ParametricNDSolve::ndsv: Cannot find starting value for the variable x. >>

I know that the problem is in parameter $t_0$, because when I run this functions with $t_0 = 0$ no problem apperars.

Someone has some ideia what is going on? Some sugestion to solve this problem?

Sorry about my english.

  • $\begingroup$ You may change the t0 dependency by a phase in the Cosine $\endgroup$ – Dr. belisarius Mar 7 '15 at 16:45

Apparently, ParametricNDSolve cannot handle x[t0] or y[t0] when t0 is a parameter.

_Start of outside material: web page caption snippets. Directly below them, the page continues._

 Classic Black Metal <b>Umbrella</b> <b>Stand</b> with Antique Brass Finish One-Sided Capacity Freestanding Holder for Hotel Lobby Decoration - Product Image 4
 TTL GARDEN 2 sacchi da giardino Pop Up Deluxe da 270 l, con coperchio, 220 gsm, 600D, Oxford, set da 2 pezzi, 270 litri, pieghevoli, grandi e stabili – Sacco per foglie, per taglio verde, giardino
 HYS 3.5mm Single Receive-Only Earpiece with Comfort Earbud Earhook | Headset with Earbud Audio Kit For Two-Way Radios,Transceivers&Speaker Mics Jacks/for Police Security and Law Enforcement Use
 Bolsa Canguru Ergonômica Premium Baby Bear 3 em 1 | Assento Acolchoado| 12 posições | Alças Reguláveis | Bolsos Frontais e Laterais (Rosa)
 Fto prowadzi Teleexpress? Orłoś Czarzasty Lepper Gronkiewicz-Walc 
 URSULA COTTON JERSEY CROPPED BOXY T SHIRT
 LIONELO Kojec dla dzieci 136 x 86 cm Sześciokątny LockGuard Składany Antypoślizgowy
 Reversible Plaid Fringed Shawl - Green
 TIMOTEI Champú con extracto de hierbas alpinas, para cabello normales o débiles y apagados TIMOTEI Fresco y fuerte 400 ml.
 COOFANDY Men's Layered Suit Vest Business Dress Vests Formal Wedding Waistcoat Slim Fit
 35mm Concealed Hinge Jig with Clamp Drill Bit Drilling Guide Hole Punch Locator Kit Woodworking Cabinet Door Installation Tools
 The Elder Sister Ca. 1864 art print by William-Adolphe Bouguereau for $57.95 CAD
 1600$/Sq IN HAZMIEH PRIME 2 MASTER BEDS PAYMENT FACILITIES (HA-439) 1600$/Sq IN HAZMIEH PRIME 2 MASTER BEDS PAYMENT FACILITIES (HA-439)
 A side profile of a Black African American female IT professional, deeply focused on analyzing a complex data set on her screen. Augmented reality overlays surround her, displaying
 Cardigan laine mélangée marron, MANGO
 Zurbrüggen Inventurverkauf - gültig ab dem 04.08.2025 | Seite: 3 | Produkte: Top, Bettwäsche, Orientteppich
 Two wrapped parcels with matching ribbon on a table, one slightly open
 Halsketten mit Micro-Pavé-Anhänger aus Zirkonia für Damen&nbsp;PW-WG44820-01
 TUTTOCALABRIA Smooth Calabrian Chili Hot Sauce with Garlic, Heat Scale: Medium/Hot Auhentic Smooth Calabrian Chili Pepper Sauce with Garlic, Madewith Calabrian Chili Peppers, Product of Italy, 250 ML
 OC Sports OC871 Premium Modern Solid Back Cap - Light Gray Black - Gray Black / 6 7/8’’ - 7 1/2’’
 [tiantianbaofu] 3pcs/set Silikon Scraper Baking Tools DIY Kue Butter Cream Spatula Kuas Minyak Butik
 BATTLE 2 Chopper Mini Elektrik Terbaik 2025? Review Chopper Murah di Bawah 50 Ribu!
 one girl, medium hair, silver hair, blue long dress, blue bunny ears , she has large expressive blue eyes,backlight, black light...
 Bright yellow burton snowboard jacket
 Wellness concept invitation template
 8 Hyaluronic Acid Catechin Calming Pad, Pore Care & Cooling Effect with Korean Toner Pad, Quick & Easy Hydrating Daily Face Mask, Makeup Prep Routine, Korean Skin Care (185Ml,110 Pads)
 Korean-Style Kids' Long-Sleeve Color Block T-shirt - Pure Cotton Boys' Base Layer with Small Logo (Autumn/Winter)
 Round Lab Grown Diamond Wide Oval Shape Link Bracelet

A work-around is to shift time to begin at t0, in which case the code becomes,

sol = ParametricNDSolve[{x'[t] == y[t], 
    y'[t] == x[t] - 1 - ϵ Cos[5 (t + t0)], x[0] == x0, 
    y[0] == y0}, {x, y}, {t, -t0, -t0 + 10}, {t0, x0, y0, ϵ}]

which works fine. This does seem like a Mathematica shortcoming, however.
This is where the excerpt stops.